Throughout the receivership, short-term notes (collateralized by property tax and State revenue sharing distributions) were borrowed to enable Ecorse to meet its operating requirements. The reliance on these notes as a means of financing operations subsided as the fiscal distress was resolved. A summary of the short-term notes outstanding at various year ends follow:
June 30 |
Principle Balances Outstanding |
|
1986 |
None |
|
1987 |
$2,430,000 |
|
1988 |
$2,400,000 |
|
1989 |
$1,600,000 |
|
1990 |
$800,000 |
|
1991 |
None |
At June 30, 1986, which preceded the receivership, no short-term notes were outstanding from the banks. However, Ecorse had used restricted funds and withheld payments from vendors and the Pension Plan to sustain the General Fund’s operations. By the end of the receivership, the level of the short-term borrowing requirements had been reduced to $800,000. The Receiver assigned the October 1990 property tax collection from Great Lakes of approximately $1.3 million to an escrow account for the payment of the $800,000 and related interest due in November 1990. After the debt was liquidated, the excess property taxes were remitted to Ecorse.
At the time of the Receiver’s resignation on August 31, 1990, cash projections reflected no need for further borrowings throughout the 1991 fiscal year. At June 30, 1991, no short-term notes were required.
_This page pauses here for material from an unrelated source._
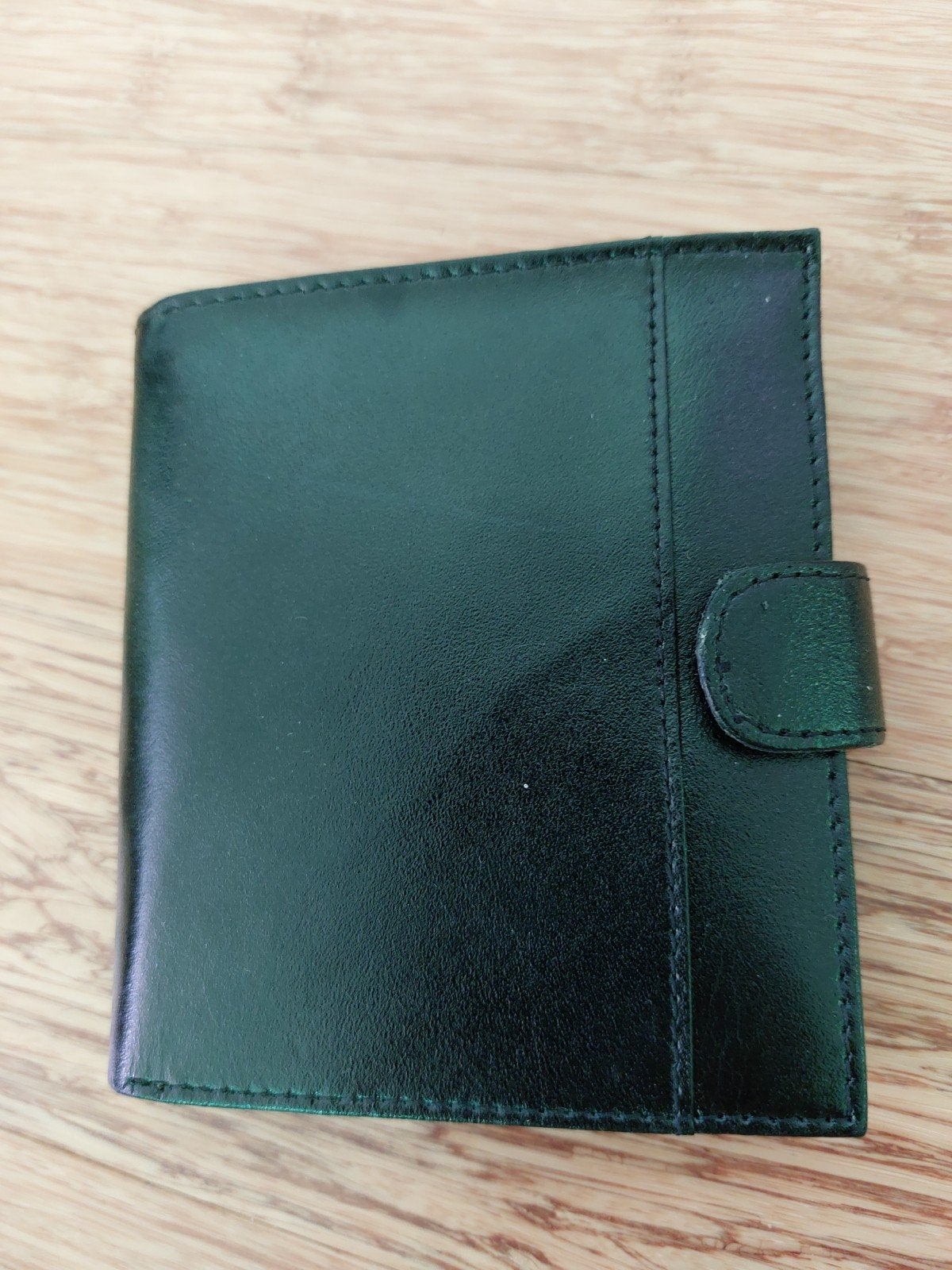 Nieuwe Zwarte Leren Portemonnee met Knipsluiting, Sieraden, Tassen en Uiterlijk, Portemonnees, Overige merken, Zwart, Nieuw, Ophalen of Verzenden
The amount due to other funds in the General Fund and cash on hand at June 30, 1990, which was for normal operations, was $387,000 and $1,470,000, respectively. The General Fund amounts owed to other funds and cash on hand at June 30, 1986, which preceded the receivership, was $3,877,000 and $17,000, respectively. Interfund borrowing of restricted cash and investments by the General Fund had been resolved at the end of the receivership.
Prior to resigning on August 31, 1990, the Receiver and Controller were satisfied that the cash flow was sufficient to enable Ecorse to pay $100,000 towards the Emergency Loan Board notes. This principal payment, which was paid two years prior to its due date, was one of few principal payments by a governmental entity of such debt since the State established the Emergency Loan Board.